Située quai du Marché-Neuf. — 9e arrondissement, quartier de la Cité.
historique.

S’il faut en croire Vaugelas, cet écrivain d’un purisme si rigoureux, morgue serait un vieux mot français qui signifiait visage. À l’entrée des prisons, on trouvait autrefois un endroit portant le nom de Morgue, où l’on retenait quelquefois les prisonniers, au moment où on les écrouait, pour que les gardiens pussent bien voir leur morgue ou visage, afin de les reconnaitre en cas de tentative d’évasion. Plus tard, on exposa dans les Morgues, les cadavres dont la justice s’était saisie et qu’on voulait faire reconnaitre ; à cet effet, le public était admis à venir regarder par un guichet pratiqué dans la porte. À Paris, les corps inconnus furent exposés, jusqu’en 1804, dans la Basse-Geôle ou Morgue dépendant de la prison du grand Châtelet. À cette époque fut construit le bâtiment qu’on voit aujourd’hui à l’extrémité nord-est du pont Saint-Michel.

Ordonnance de Police du 9 floréal an VIII. — Cet acte intitulé : Ordonnance concernant la levée des cadavres, bien qu’il traite de beaucoup d’autres choses, entr’autres (art. 2 et 3) des secours à procurer aux cadavres qui donnent des signes de vie, et des primes à payer pour les noyés rappelés à la vie, règle le service intérieur de la Basse-Geôle à laquelle l’établissement de la Morgue a été substitué par l’ordonnance du 29 thermidor an XII. Plusieurs de ses dispositions sont tombées en désuétude ; voici les plus importantes de celles qui subsistent encore :

« Article 6. Aussitôt la réception du cadavre à la Basse-Geôle, il sera exposé nu aux regards du public, avec les précautions dues à la décence et aux mœurs ; ses vêtements seront suspendus à côté pour aider à la reconnaissance. Cette exposition durera trois jours.

» Art. 8. En cas de reconnaissance du cadavre à la Basse-Geôle, ceux qui le reconnaitront en feront leur déclaration devant le juge-de-paix ou le commissaire de police le plus voisin, qui leur en délivrera expédition.
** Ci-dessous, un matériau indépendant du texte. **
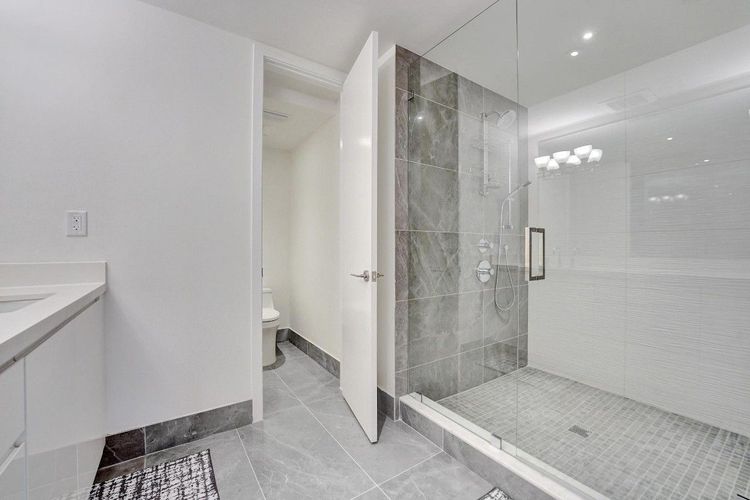 The Wave on Bayshore #501 image #7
Sur le vu de cette déclaration, le préfet de police ordonnera la remise du cadavre et son inhumation en la manière accoutumée, sous les noms indiqués pour lui appartenir. Les réclamants paieront, s’ils en ont la faculté, les frais de repêchage et visite du cadavre, ceux de son transport à la Basse-Geôle et de son inhumation, sinon ils seront acquittés ainsi qu’il est dit en l’art. 13. Les vêtements et autres effets trouvés sur le cadavre leur seront remis.

» Art. 9. Tous les procès-verbaux relatifs aux cadavres envoyés à la Basse-Geôle, ainsi que les ordres d’inhumation, seront inscrits sur un registre tenu à cet effet à la préfecture de police.

» Art. 10. Il sera aussi tenu à la Basse-Geôle un registre où seront inscrits, jour par jour, la date de l’entrée des cadavres, leur signalement et les causes présumées de leur mort, ainsi que la date de leur sortie, soit pour être inhumés, soit pour être remis aux réclamants.

» Art. 12. Lorsqu’il sera repêché dans la rivière des portions de cadavre, celui qui les aura repêchées en donnera sur-le-champ avis au commissaire de police le plus voisin, et il sera procédé de la même manière que pour un cadavre entier.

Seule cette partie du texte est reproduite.